Sous la houlette de Nizar Baraka, le ministère de l'Equipement et de l'Eau a mis en place des mesures extraordinaires afin de réduire autant que possible les temps de chantier et permettre la mise en service du nouveau barrage de Ratba d'ici la fin de l'année 2028.
"La construction du barrage de Ratba fait partie d'une série de projets structurants dans le bassin versant du Sebou. Sa construction s'inscrit dans le cadre du Programme national d'alimentation en eau potable et d'irrigation (2020-2027)", détaille Mouhcine Bahtat, chef du département aménagement du barrage, dans une déclaration à « L'Opinion ».
Ce vaste réservoir, qui sera le deuxième plus grand du Maroc après celui d'Al Wahda, est localisé sur l'Oued Aoulai, l'un des deux affluents de l'Ouergha. Selon notre source, "il aura pour objectif d'augmenter l'approvisionnement en eau potable et en irrigation, de produire de l'électricité et de protéger contre les inondations".
 
Avec un coût d'investissement d'environ 4 milliards de dirhams (financé par le budget général de l'Etat), le barrage de Ratba disposera d'une capacité de stockage de 1,9 milliard de mètres cubes.
 
Toujours selon le spécialiste, "le taux d'avancement du projet, qui a démarré en mars 2022, a atteint 15%". Toutefois, en raison des contraintes climatiques, le ministère de l'Equipement et de l'Eau a adopté des dispositions d'exception pour accélérer la cadence des travaux et réduire de 12 mois le délai de réalisation du projet.

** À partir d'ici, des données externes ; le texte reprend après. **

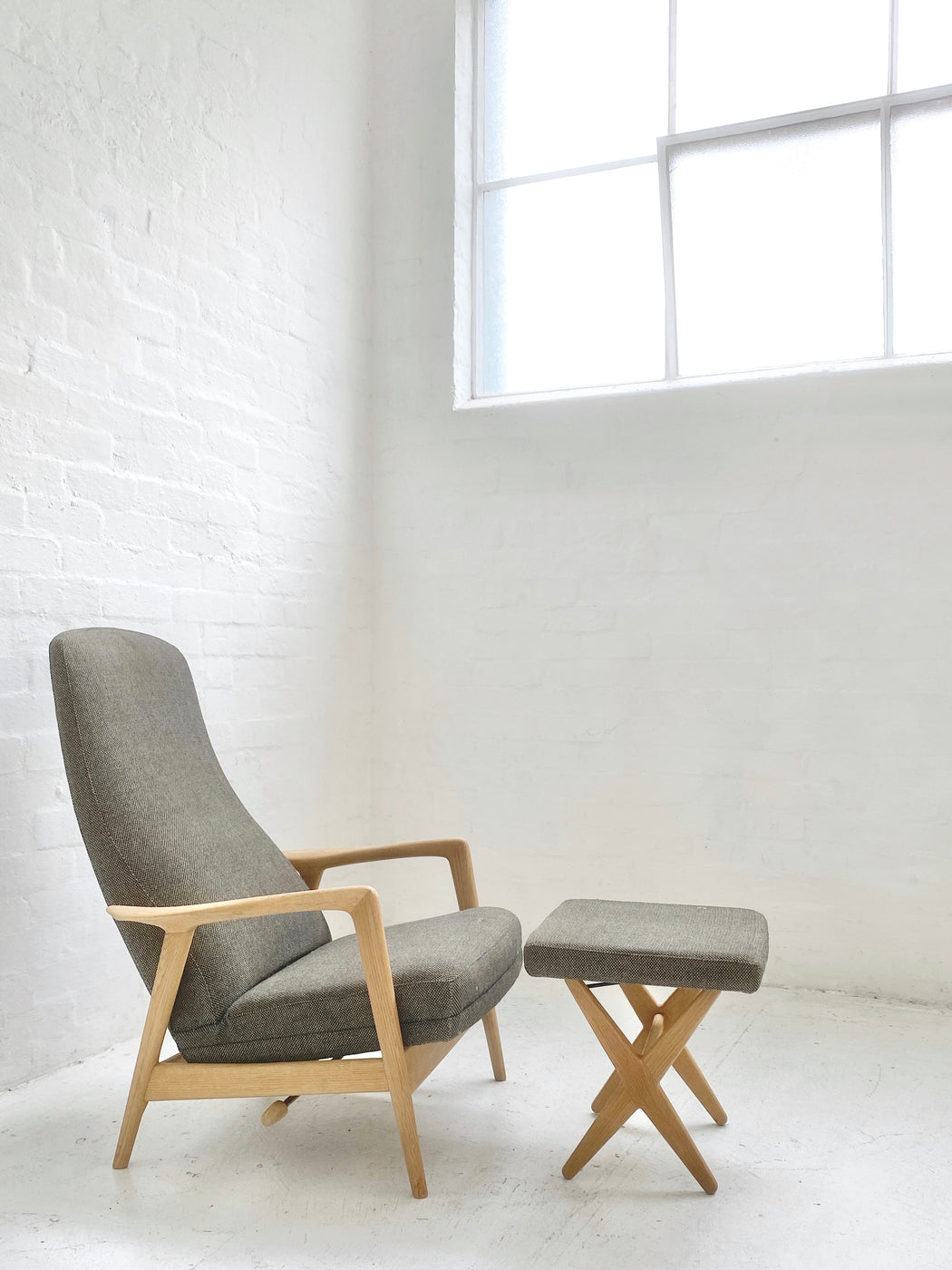 Folke Ohlsson Recliner & Footstool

Prodige hydraulique : Al Wahda, un bouclier contre l'apocalypse

Le barrage Al Wahda est sans conteste le plus grand réservoir d’eau du Royaume, et le deuxième plus grand en Afrique après le Haut Barrage d'Egypte. Il est haut de 80 mètres et long de 2600 mètres. Pour ce qui est de sa capacité, il est question de 3 milliards 800 millions de mètres cubes.
 
Sa construction a été lancée en 1997 par feu Hassan II. Situé dans la région de Ouazzane, dans un village montagneux appelé Lamjaâra, il se situe à la périphérie de la ville de Taounate.
 
Ce gigantesque barrage représente un important réservoir d'eau. En effet, à plusieurs reprises, il a contribué à réduire les inondations qui mettaient en péril l'Est du pays pendant l'hiver. Il joue un rôle crucial vis-à-vis de la population environnante, en assurant l'approvisionnement en eau potable et l'irrigation. Il est en outre capital pour la production d'énergie hydroélectrique.
 
Le barrage fournit de l'énergie électrique, couramment exploitée pour le chauffage, l'éclairage et les appareils électroménagers.
 
Cependant, il doit être entretenu pour faire face aux risques sismiques qui menacent de compromettre sa robustesse.
 
Les chiffres du gouvernement montrent qu'il est impératif d'agir face à cette crise de l'eau qui se profile à l'horizon. Le barrage d'Al Wahda, le plus grand du Maroc, fait figure d'exception par rapport aux autres barrages du pays, qui sont presque tous à sec. Avec un taux de remplissage de 56,4%, il bénéficie de réserves relativement importantes. Cette réalité ne doit cependant pas occulter la situation critique des autres barrages.